Podwyżka opłat za wywóz nieczystości stałych nominalnie zdaje się mieścić pod kreską „inflacyjną”. Uzasadnienie uchwały podjętej jednogłośnie przez ząbkowickich radnych wskazuje na presję rosnących kosztów związanych z obsługą systemu odbioru odpadów z gminie Ząbkowice Śląskie. Wszystko zatem wydaje się być logiczne i racjonalne. Wydaje się…
„Nagrodą pocieszenia” jest fakt, że w naszej gminie podwyżka zacznie obowiązywać od 1 lipca, podczas gdy część pozostałych samorządów powiatu ząbkowickiego wyższe lub takie same opłaty wdrożyło wcześniej. Tak się składa, że ząbkowiczanie są w grupie tych, których opłaty nie są najwyższe w naszym powiecie. Nie są jednak także najniższe, bo jedna z gmin ma radykalnie niższe opłaty w stosunku do wszystkich pozostałych.
Gdy dzisiaj goniec dostarczył mi „zawiadomienie o zmianie wysokości opłaty za gospodarowanie odpadami komunalnymi od 01.07.2023” przez chwilę przemknęło mi przez myśl, że owa „zmiana”, czyli podwyżka powinna dotyczyć tylko osób, które nie segregują śmieci. Wiem, że pomiędzy oboma grupami płatników musi być różnica kosztów i nawet uważam, że powinna być wyraźnie odczuwalna. Warto byłoby jednak rozważyć „zamrożenie” opłat dla tych, którzy odpady segregują. Należę do tej kategorii jak zapewne większość płatników. Wiem zatem, że trzeba się nieco wysilić, aby codziennie oddzielać poszczególne frakcje, gdzieś je przetrzymywać pomiędzy terminami odbioru i pofatygować się z ich wystawieniem przed domem czy kamienicą. Ten trud należałoby premiować, bo sprzyja racjonalnie pojmowanej trosce o środowisko. Ma też wymierną wartość finansową, jako że niektóre frakcje odpadów trafiają do recyklingu, a więc w dalszym ciągu łańcucha gospodarowania odpadami przekładają się na obniżenie kosztów jakiejś produkcji, a tym samym do wzrostu dochodów podmiotów korzystających z tych surowców. Jest jeszcze kwestia edukacji społecznej, bo gdyby motywować niskimi opłatami za odbieranie sortowanych odpadów, to utrwala się pewien pozytywny nawyk. No i na końcu, niskie opłaty to zachęta do segregowania, więc po prostu nie powinny być regulowane „z automatu”.

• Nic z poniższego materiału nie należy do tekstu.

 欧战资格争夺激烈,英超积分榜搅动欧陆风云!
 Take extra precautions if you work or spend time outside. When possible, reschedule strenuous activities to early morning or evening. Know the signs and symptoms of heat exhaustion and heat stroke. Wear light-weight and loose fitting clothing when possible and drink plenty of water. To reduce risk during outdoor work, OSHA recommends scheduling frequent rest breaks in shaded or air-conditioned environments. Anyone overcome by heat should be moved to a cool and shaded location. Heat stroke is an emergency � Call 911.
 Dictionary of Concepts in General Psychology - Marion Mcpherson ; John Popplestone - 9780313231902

Obok beczki miodu, jaką przytoczyłem ząbkowickim samorządowcom pod refleksję, stawiam jednak kubek dziegciu. Należałoby publicznie pokazać krok po kroku co i ile kosztuje, abyśmy wszyscy wiedzieli za co płacimy oraz gdzie należałoby lub warto byłoby koszty optymalizować lub obniżać. Także w samym procesie zarządzania strumieniem odpadów i ich transferowania poza obszar gminy.

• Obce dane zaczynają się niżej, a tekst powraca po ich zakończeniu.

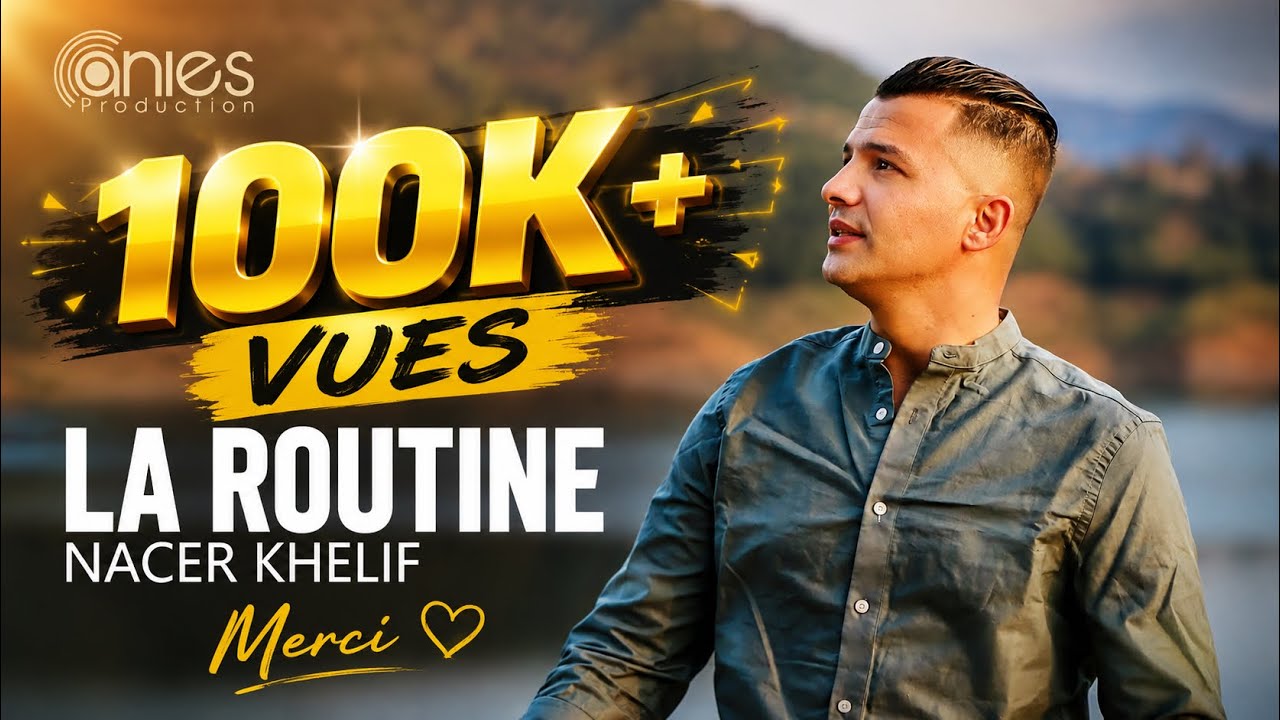 Nacer Khelif - La Routine ( Clip Kabyle 2024)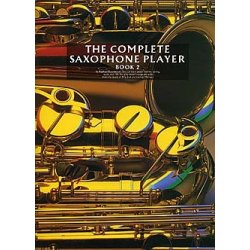 The Complete Saxophone Player Book 2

Nie słyszałem, aby w ostatnim czasie podejmowano dyskusję czy jakieś głębsze prace koncepcyjne nad tym, by szukać rozwiązań w dziedzinie zagospodarowania odpadów innych niż praktykowane obecnie. Pamiętam, że rygorystyczne przepisy środowiskowe przez ostatnich kilkanaście lat „wysadziły w powietrze” kilka poważnych projektów z tej dziedziny, w jakich gmina Ząbkowice Śląskie brała udział. Modyfikowane są nie tylko przepisy, ale też pojawiają się nowe technologie. Z protokołu posiedzenia Rady Miejskiej nie wynika w ogóle, by ktokolwiek zabrał głos w tej sprawie począwszy od burmistrza, przez radnych na urzędnikach czy prezesie spółki komunalnej obsługujących gospodarkę odpadami skończywszy. Uzasadnianie podnoszenia opłat śmieciowych inflacją nie jest przekonujące.
Opłaty nie musiały wzrosnąć w ogóle lub w takim stopniu, jak się to stało. Jest przestrzeń do szukania sposobów, by mieszkańcy naszej gminy nie musieli płacić więcej za to, że przekazują posortowane i opakowane w kolorowych workach odpady. Trzeba zabrać głos.